▶ WORK REQUEST: What you return should match the data below exactly, with no pictures in it.
"""
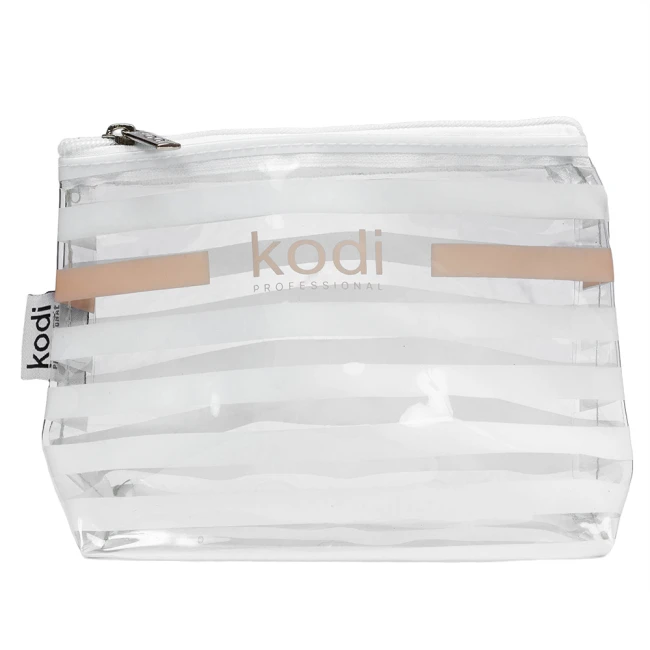 Косметичка "ZEBRA" white (малая)  - Kodi Professional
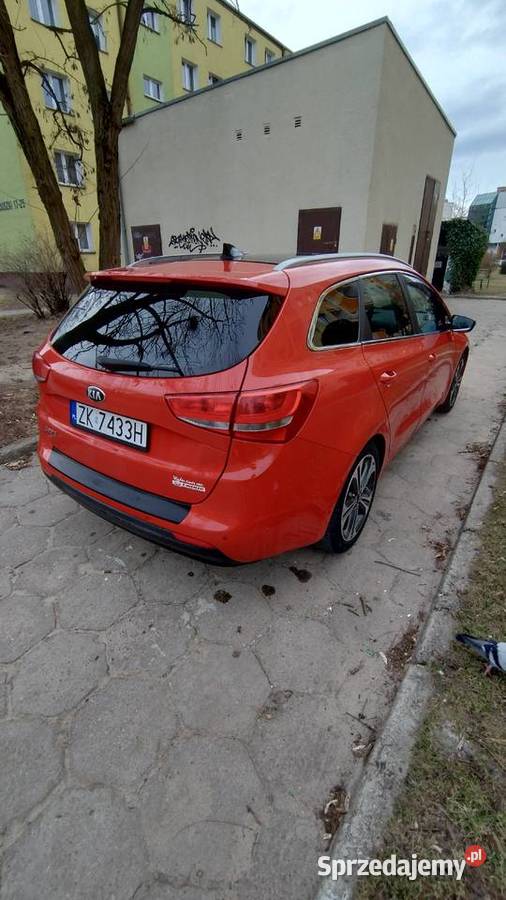 Kia ceed 16GDI Platinum edition Koszalin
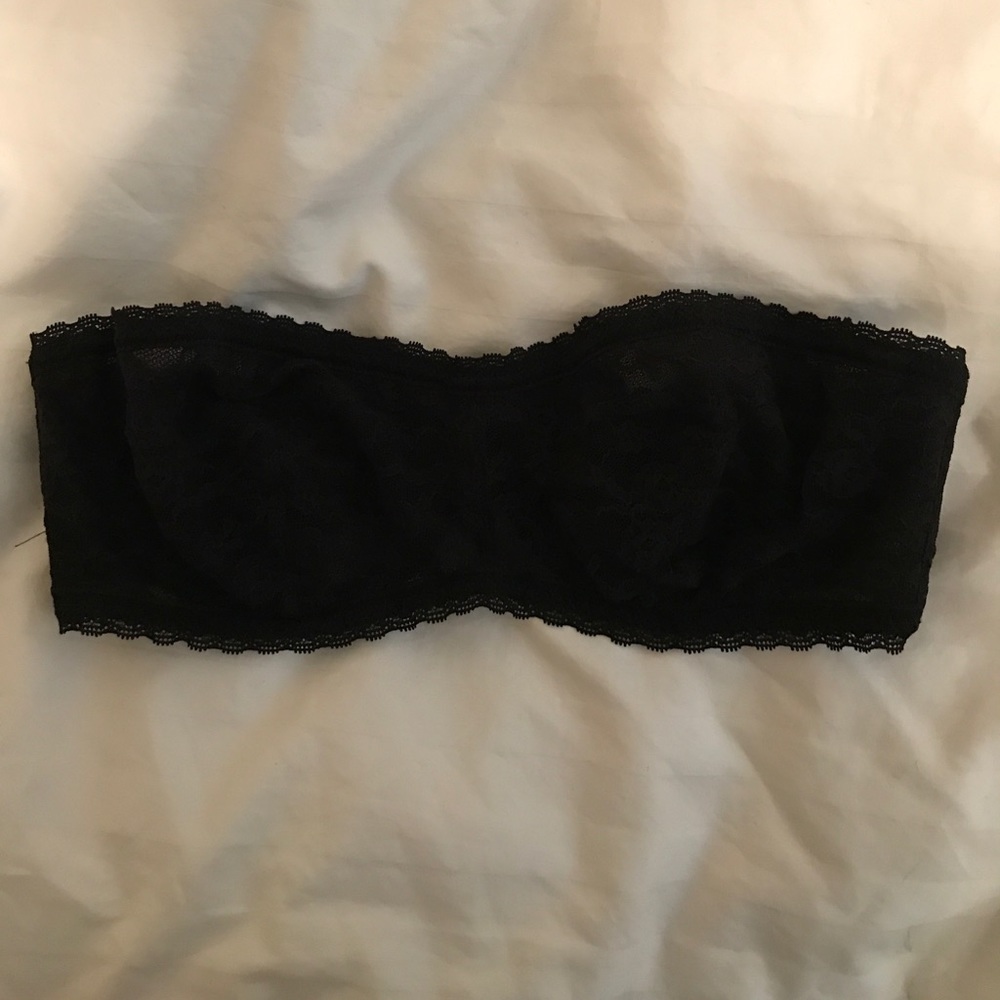 Black Lace Bralette
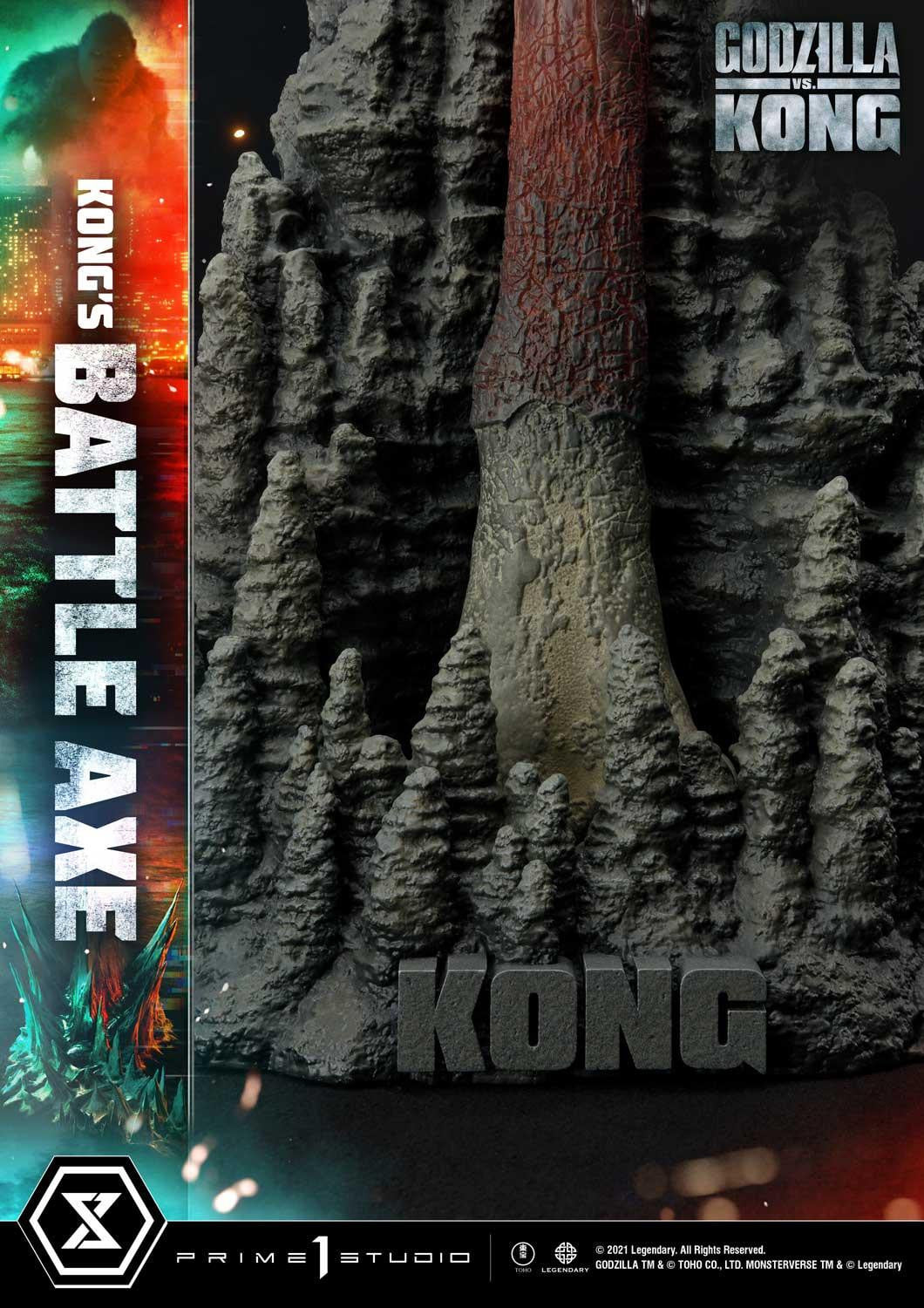 [สั่งจอง]Prime 1 Studio LSGVK-03: Kong’s Battle Axe (Godzilla vs Kong)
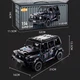 Конструктор Technol Model Mercedes-Benz G500 Black (1007 деталей). - изображение 7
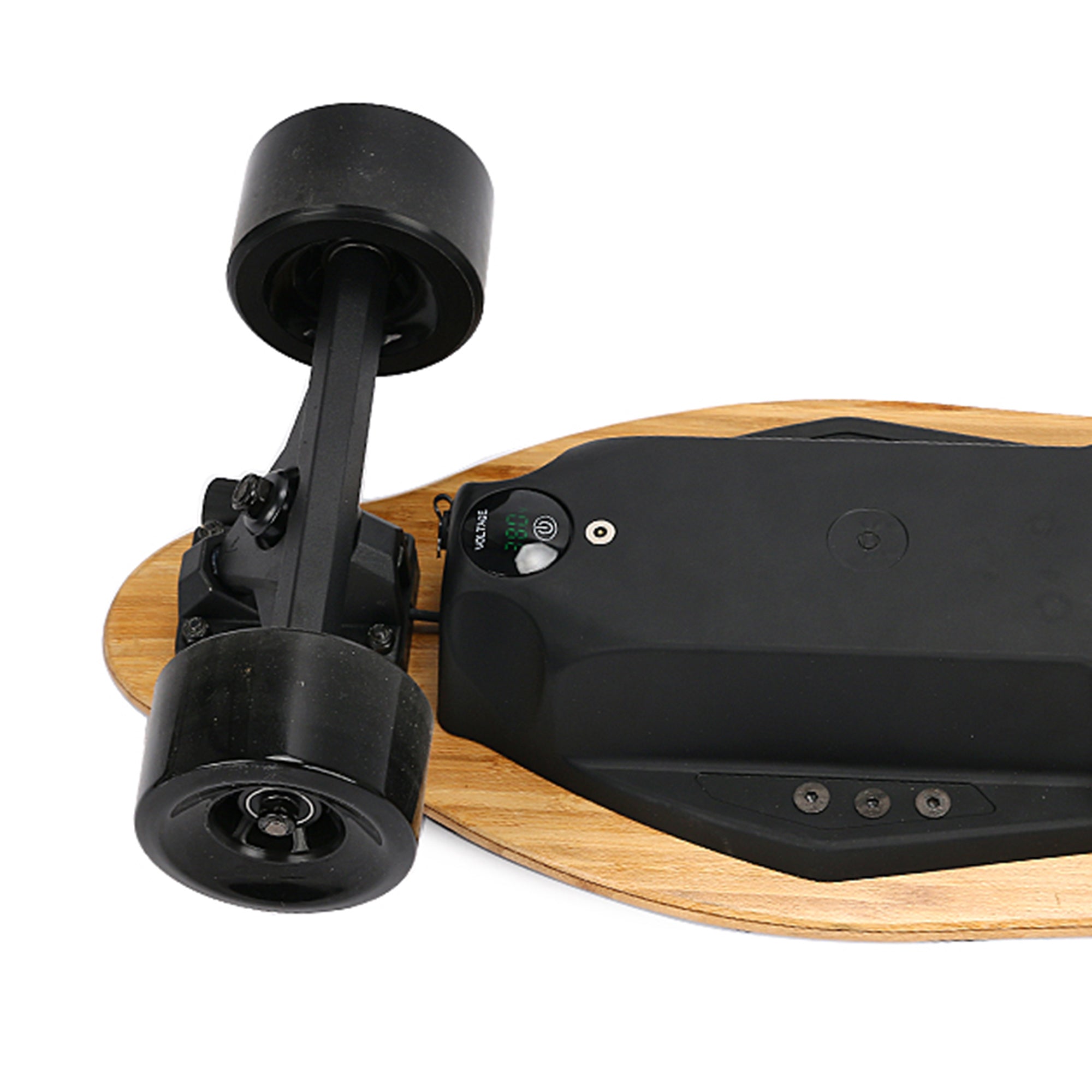 Apex A1 Glass Fiber 217000 Lithium Battery 10S2P 600W*2 Wheel Hub Motor Electric Skateboard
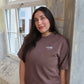 core tee | mocha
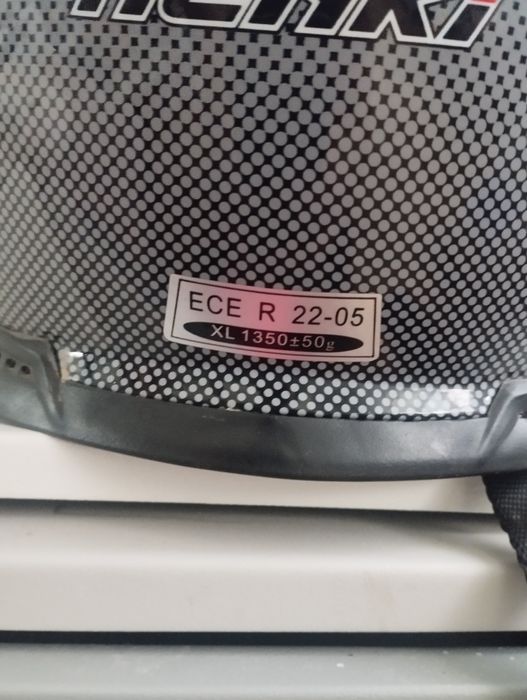 Мото шолом  XL 61-62 см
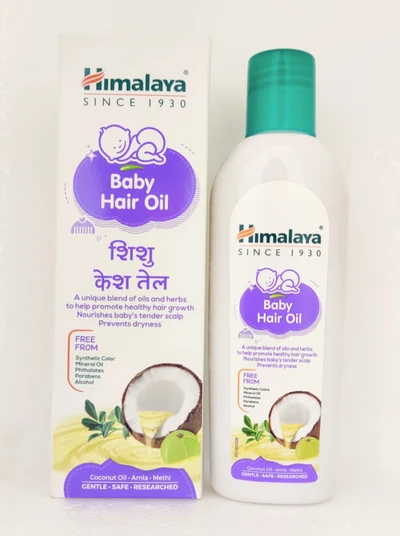 Himalaya Baby Hair Oil 50 Ml  Pohunch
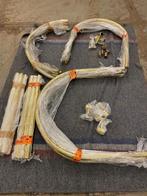 Messing onderdelen Partij beugels Horeca decoratie, Antiek en Kunst, Antiek | Koper en Brons, Ophalen of Verzenden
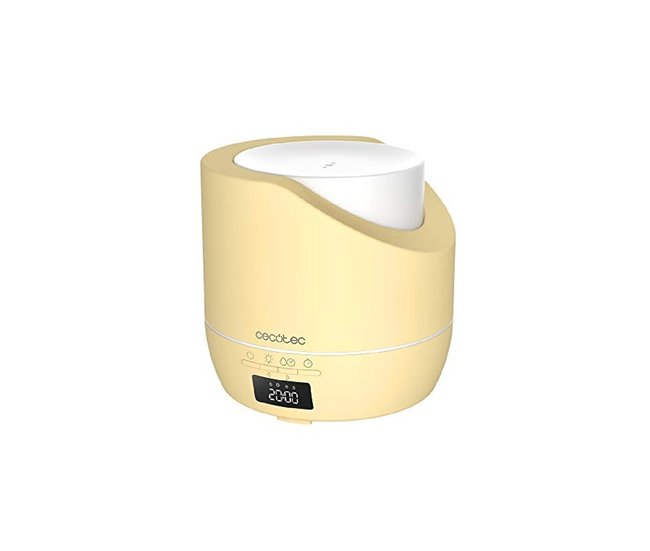 Difusor de aromas PureAroma 500 Smart Cecotec Crema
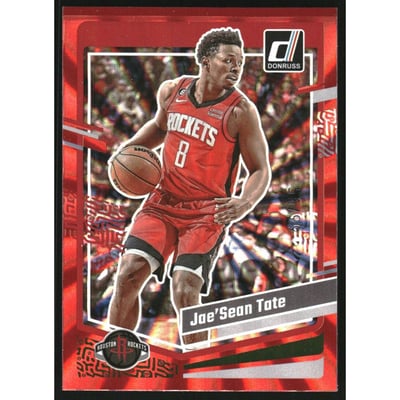 2023-24 Donruss Holo Red Laser #171 Jae'Sean Tate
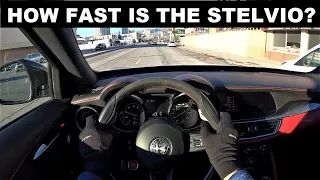 Alfa Romeo Stelvio Quadrifoglio POV Drive: Is This A Great Performance SUV?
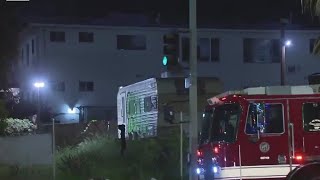 Celebrity Stabbing suspect barricaded inside apartment Profile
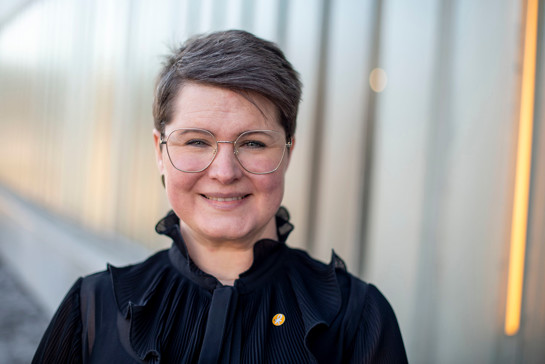 Förbundsordförande Ida Kåhlin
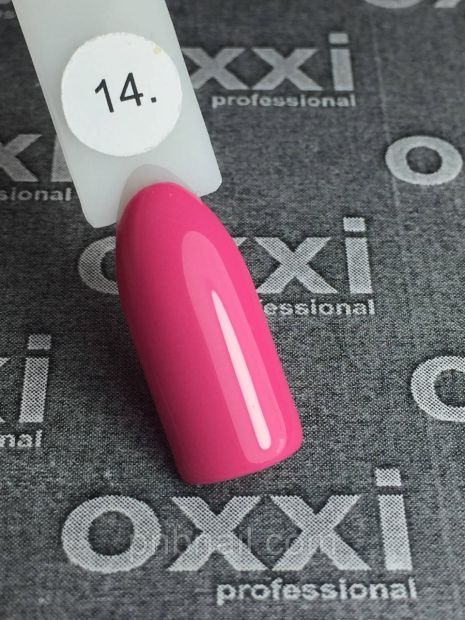 Гель-лак OXXI Professional No014, 10 мл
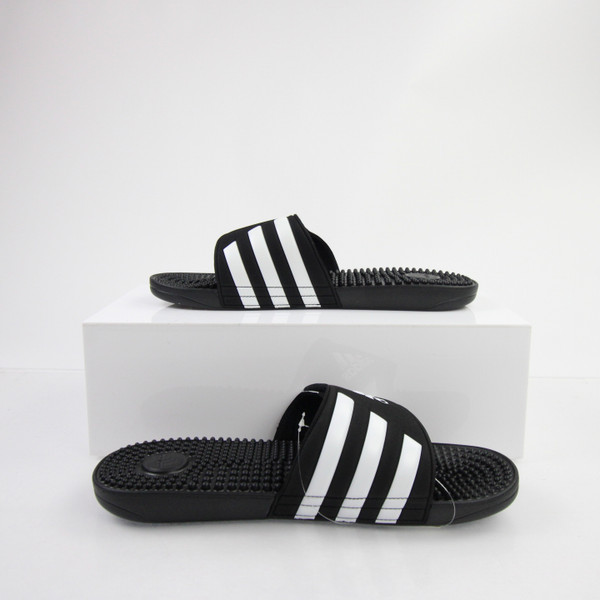 adidas Sandals & Flip Flops Men's Black New without Box 15 SHOE-024670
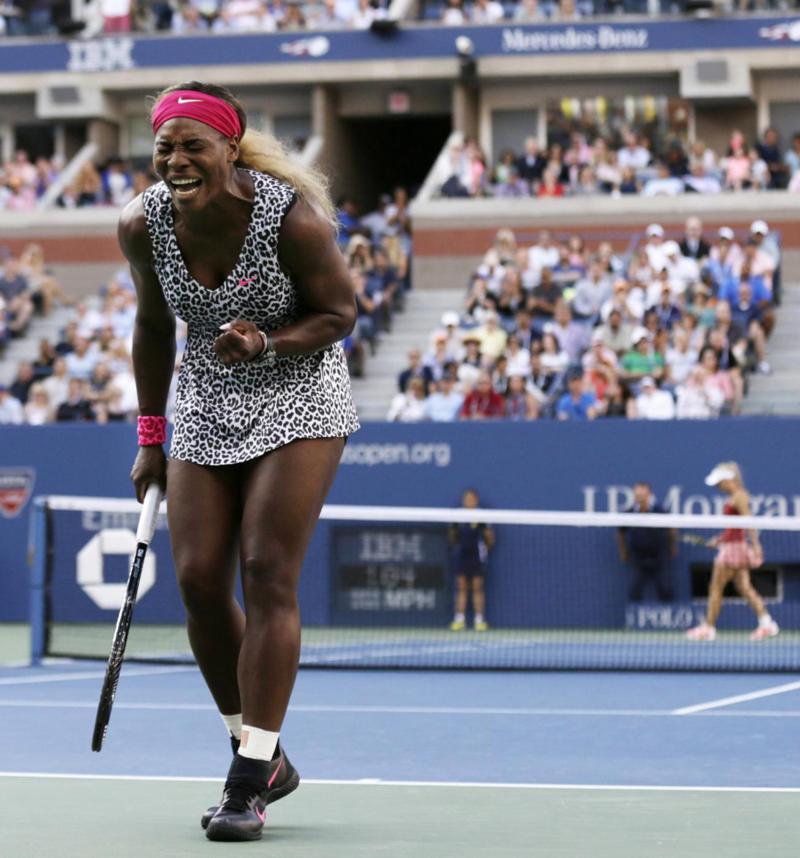 Serena Williams ancora sotto choc dopo il ko con la Vinci. Potrebbe.. Serena Williams ancora sotto choc dopo il ko con la Vinci. Potrebbe..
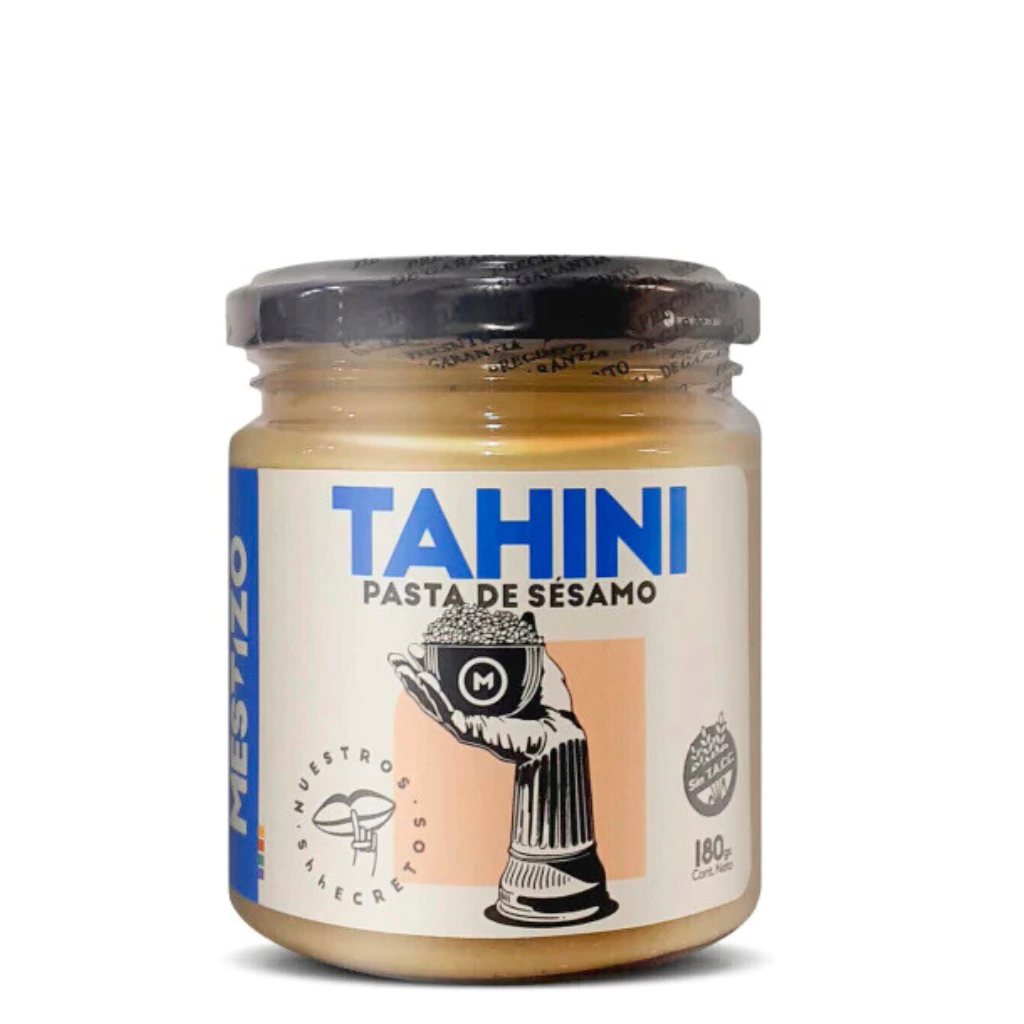 Tahini Pasta de Sésamo Blanco MESTIZO x 175g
"""
▶ FINAL ANSWER:
 Косметичка "ZEBRA" white (малая)  - Kodi Professional
 Kia ceed 16GDI Platinum edition Koszalin
 Black Lace Bralette
 [สั่งจอง]Prime 1 Studio LSGVK-03: Kong’s Battle Axe (Godzilla vs Kong)
 Конструктор Technol Model Mercedes-Benz G500 Black (1007 деталей). - изображение 7
 Apex A1 Glass Fiber 217000 Lithium Battery 10S2P 600W*2 Wheel Hub Motor Electric Skateboard
 core tee | mocha
 Мото шолом  XL 61-62 см
 Himalaya Baby Hair Oil 50 Ml  Pohunch
 Messing onderdelen Partij beugels Horeca decoratie, Antiek en Kunst, Antiek | Koper en Brons, Ophalen of Verzenden
 Difusor de aromas PureAroma 500 Smart Cecotec Crema
 2023-24 Donruss Holo Red Laser #171 Jae'Sean Tate
 Alfa Romeo Stelvio Quadrifoglio POV Drive: Is This A Great Performance SUV?
 Celebrity Stabbing suspect barricaded inside apartment Profile
 Förbundsordförande Ida Kåhlin
 Гель-лак OXXI Professional No014, 10 мл
 adidas Sandals & Flip Flops Men's Black New without Box 15 SHOE-024670
 Serena Williams ancora sotto choc dopo il ko con la Vinci. Potrebbe.. Serena Williams ancora sotto choc dopo il ko con la Vinci. Potrebbe..
 Tahini Pasta de Sésamo Blanco MESTIZO x 175g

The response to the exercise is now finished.